1944-1946 yılları arasında Sovyet Rusya’nın desteği ile Doğu Türkistan topraklarında bir devlet kuran Alihan Töre Sagunî, Bağımsızlık Savaşı sırasında yaşadığı ilginç bir casusluk olayını şöyle anlatıyor: “Düşman tarafından gelecek tehlikeleri bertaraf etmek için, İli vilayetinin büyük sınırları olarak kabul edilen her bir mühim mevzii ve dağ geçitlerini korumak için buralara atlı askerî kıtalar yerleştirildi. Şimdi, tam da bu günlerde aşağıdaki gibi bir vakıa meydana geldiğinden burada bunu yazmayı lazım gördüm.
Bu da şundan ibarettir: Altışehir azatlığı harekâtı için silahlandırdığımız atlı alaydan askerlerimizin Tekas Suyu boylarında konuşlandıkları günlerde, nereden geldiği bilinmeyen bir yabancı bunların karşısına çıkmış. Bakmışlar ki söylediği kelimeler Arapça, Farsça olup kendisi de başka hiçbir dil bilmediğini onlara bildirmiş. Üzerinde Buhara giysisi, elinde Kur'an bulundurduğu ve konuştuğu dil Arapça olduğu halde, bunun dilini anlayan olmadığından bana getirdiler. Benim onunla ana dilinde konuşmamdan sonra aslında İranlı ve ana dilinin Farsça olduğu anlaşıldı. 12 yıllık harp okulundan mezun olduğunu, Afganistan ordusu hizmetinde ve albay rütbeli olduğunu söyledi.
Kendi hükümeti tarafından Afganistan-Doğu Türkistan sınır istihkâmını koruma vazifesine tayin edilip gelmiş. Doğu Türkistan Müslümanlarının azatlık yolunda Çin'e karşı başlattığı inkılâbı işitip din kardeşlerine yardım etmek için fedaî olarak geldiğine Kur'an kaldırıp yemin ederek beni inandırdı.

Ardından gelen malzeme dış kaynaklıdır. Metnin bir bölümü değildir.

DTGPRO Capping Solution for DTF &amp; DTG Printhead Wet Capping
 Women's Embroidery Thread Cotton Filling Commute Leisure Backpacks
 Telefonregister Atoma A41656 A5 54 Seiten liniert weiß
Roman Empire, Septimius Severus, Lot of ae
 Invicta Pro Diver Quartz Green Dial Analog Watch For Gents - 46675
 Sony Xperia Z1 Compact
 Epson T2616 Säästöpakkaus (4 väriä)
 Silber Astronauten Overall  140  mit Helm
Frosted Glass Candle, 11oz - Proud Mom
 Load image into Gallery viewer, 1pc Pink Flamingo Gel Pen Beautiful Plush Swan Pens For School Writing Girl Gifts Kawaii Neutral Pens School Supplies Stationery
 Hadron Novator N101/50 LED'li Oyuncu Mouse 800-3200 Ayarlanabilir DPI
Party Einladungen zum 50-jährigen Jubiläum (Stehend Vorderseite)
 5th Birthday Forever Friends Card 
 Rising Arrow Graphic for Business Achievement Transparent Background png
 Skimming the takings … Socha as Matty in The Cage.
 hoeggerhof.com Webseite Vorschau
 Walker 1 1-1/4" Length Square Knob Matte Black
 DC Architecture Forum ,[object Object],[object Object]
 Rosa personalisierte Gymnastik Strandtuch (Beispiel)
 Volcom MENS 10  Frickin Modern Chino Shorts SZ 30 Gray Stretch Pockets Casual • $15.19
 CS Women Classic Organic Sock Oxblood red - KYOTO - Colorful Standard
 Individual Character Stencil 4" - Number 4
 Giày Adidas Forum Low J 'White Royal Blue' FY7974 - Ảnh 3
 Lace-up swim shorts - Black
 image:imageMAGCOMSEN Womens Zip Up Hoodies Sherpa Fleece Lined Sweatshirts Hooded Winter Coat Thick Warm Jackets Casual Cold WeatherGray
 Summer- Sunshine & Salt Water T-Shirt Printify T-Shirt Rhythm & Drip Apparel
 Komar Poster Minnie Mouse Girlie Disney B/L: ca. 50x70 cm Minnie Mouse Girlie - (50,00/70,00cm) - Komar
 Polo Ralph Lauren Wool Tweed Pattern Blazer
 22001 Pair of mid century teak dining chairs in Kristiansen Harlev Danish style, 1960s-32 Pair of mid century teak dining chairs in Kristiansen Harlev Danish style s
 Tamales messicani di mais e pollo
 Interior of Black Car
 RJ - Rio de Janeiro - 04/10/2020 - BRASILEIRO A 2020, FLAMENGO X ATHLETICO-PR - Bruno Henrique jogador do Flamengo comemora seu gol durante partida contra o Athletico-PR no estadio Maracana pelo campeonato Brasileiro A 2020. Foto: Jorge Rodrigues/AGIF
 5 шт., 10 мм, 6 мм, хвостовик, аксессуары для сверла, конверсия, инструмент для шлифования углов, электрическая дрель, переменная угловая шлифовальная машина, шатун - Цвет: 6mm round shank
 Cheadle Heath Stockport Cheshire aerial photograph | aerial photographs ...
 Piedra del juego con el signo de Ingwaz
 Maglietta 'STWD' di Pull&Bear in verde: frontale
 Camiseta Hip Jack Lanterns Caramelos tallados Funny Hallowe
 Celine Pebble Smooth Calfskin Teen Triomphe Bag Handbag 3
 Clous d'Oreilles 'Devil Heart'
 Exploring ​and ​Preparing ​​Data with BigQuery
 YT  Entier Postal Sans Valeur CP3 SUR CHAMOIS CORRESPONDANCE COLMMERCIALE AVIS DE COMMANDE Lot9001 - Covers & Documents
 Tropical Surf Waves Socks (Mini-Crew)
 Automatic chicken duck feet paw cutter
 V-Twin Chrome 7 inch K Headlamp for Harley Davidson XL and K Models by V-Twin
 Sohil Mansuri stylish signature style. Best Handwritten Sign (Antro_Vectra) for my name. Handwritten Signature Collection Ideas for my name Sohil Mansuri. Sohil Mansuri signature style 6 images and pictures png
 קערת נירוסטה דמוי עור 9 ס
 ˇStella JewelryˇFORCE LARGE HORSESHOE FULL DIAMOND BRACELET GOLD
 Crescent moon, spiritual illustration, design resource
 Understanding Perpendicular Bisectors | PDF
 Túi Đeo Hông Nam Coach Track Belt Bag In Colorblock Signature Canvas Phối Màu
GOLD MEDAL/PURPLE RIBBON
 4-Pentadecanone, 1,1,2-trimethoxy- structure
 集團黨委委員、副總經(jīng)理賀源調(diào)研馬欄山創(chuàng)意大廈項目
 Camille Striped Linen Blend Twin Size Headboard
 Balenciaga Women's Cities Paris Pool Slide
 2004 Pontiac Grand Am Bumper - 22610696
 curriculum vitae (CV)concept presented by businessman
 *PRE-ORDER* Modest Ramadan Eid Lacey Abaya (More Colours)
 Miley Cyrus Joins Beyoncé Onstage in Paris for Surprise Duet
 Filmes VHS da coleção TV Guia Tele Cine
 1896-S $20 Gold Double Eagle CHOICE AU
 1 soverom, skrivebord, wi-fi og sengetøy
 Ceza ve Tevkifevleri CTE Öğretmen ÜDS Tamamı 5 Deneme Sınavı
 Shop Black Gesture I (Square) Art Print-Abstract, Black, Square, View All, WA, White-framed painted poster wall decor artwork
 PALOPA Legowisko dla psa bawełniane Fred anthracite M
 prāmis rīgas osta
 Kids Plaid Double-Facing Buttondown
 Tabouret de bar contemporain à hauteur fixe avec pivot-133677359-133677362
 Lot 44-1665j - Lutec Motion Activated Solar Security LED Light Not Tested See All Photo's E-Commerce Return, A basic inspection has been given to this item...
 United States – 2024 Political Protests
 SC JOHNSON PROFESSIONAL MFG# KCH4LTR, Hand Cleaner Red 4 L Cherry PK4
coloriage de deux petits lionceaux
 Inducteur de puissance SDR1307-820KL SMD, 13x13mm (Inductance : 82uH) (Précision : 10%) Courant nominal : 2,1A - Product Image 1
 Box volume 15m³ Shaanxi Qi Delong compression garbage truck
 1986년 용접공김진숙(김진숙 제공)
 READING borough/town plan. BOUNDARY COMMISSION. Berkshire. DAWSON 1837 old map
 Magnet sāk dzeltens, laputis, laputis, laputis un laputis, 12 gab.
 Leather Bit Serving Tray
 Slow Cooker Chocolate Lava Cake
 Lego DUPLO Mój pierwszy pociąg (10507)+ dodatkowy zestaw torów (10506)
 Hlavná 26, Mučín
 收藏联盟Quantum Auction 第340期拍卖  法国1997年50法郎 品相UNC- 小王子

Bu inancımızla ona Merkezî İdaremizin yanında yatacak yer ayırdık. Günden güne bunun kendi dediğinden de fazla hünerleri olduğu ortaya çıkmaya başladı. Bildiği dillerin dışında Rusça, Almanca ve Fransızcaya da aşina olduğu anlaşıldı. Kim olursa olsun ondan istifade etmek gerekir diyerek komutan-koruma evlatlarımızı askerî talim öğrenmeleri için ona teslim ettik. Kendisine özel olarak iyi bir at verip baştan ayağa giyindirdik. Bu hal ile 2-3 ay geçirdi.
Bu arada kendisinden şüphe uyandıran işler sadır olup hapishaneye alınınca, denetim neticesinde ve kendi ikrarınca özel vazifelerle gönderilmiş bir İngiliz casusu olduğu malum oldu. İşte bu iş, medenî âlemdeki siyasetçi ve hükümetlerin kendi çıkarlarını sağlamaya ne kadar önem verdiklerini gösteriyor. (Sagunî,2024: 87)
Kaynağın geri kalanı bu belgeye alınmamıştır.